*Prompt*
Reproduce exactly the lines from the start of the records through the line containing "Prosta sałatka z", both included. Leave the pictures out.

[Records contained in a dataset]
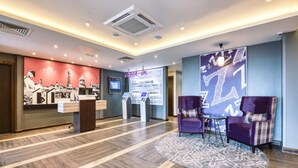 A hotel reception area with a check-in counter, a digital screen, and a seating area with purple chairs. - Premier Inn Newquay (Newquay)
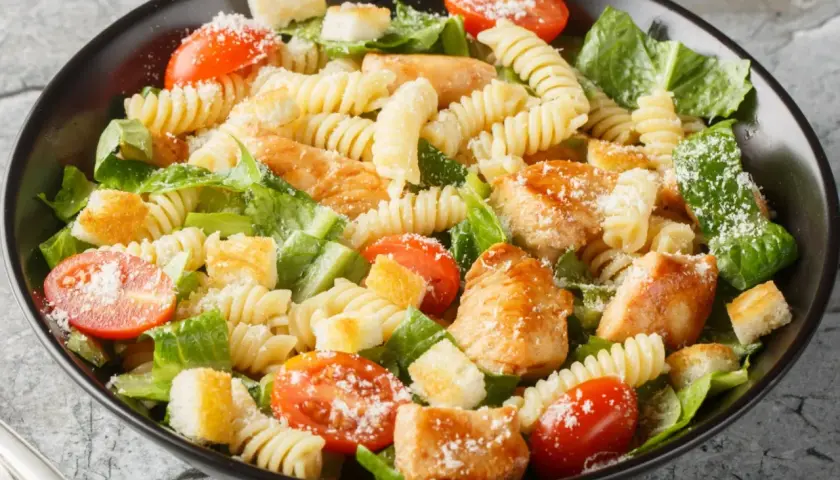 Prosta sałatka z piersią kurczaka, makaronem fusilli, pomidorkami koktajlowymi, grzankami i parmezanem.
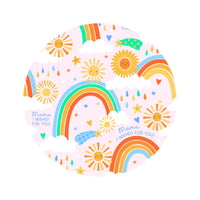The SoftKnot Bow Here Comes the Sunshine pink bamboo head-wrap bow with sun, rainbow, and clouds motif.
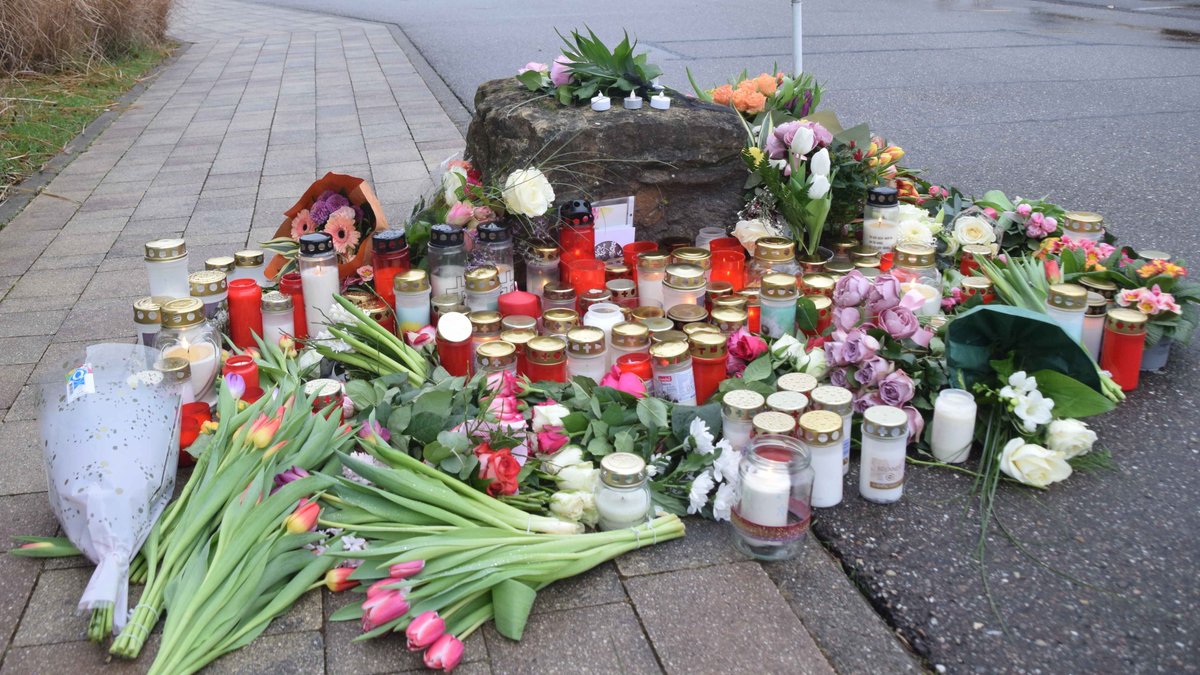 Blumen und Kerzen zum Gedenken an das Opfer liegen vor der Schule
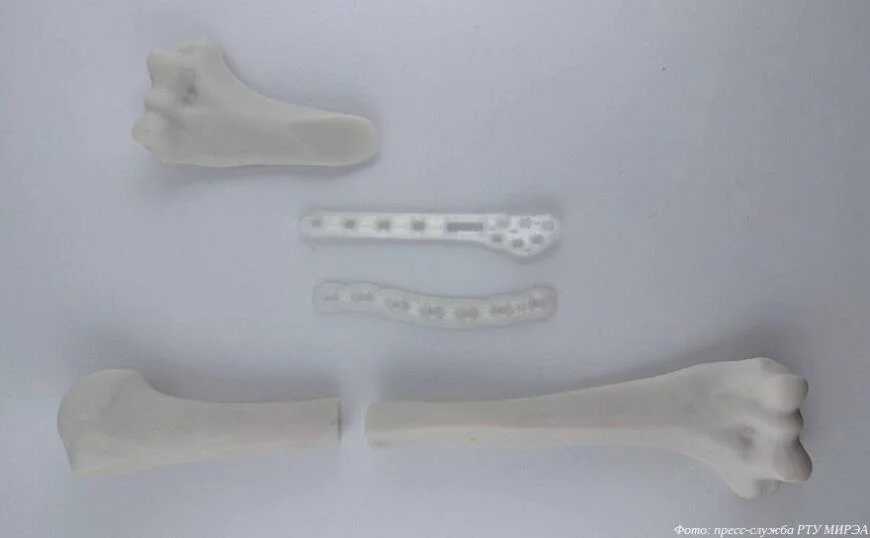 Три 3D-печатных биоразлагаемых костных имплантата и две части трубчатой кости, подготовленные для соединения.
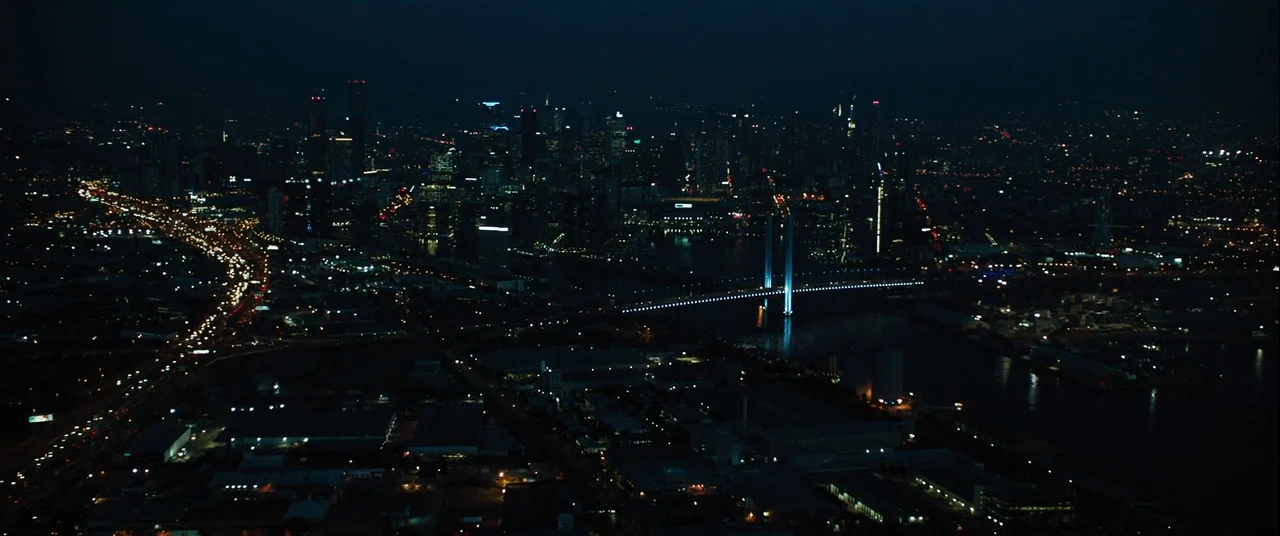 Upgrade (2018) movie still: establishing — A vast night aerial view of a sprawling city with a prominent river bridge. The horizon glows with…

*Response to the exercise*
 A hotel reception area with a check-in counter, a digital screen, and a seating area with purple chairs. - Premier Inn Newquay (Newquay)
 Prosta sałatka z piersią kurczaka, makaronem fusilli, pomidorkami koktajlowymi, grzankami i parmezanem.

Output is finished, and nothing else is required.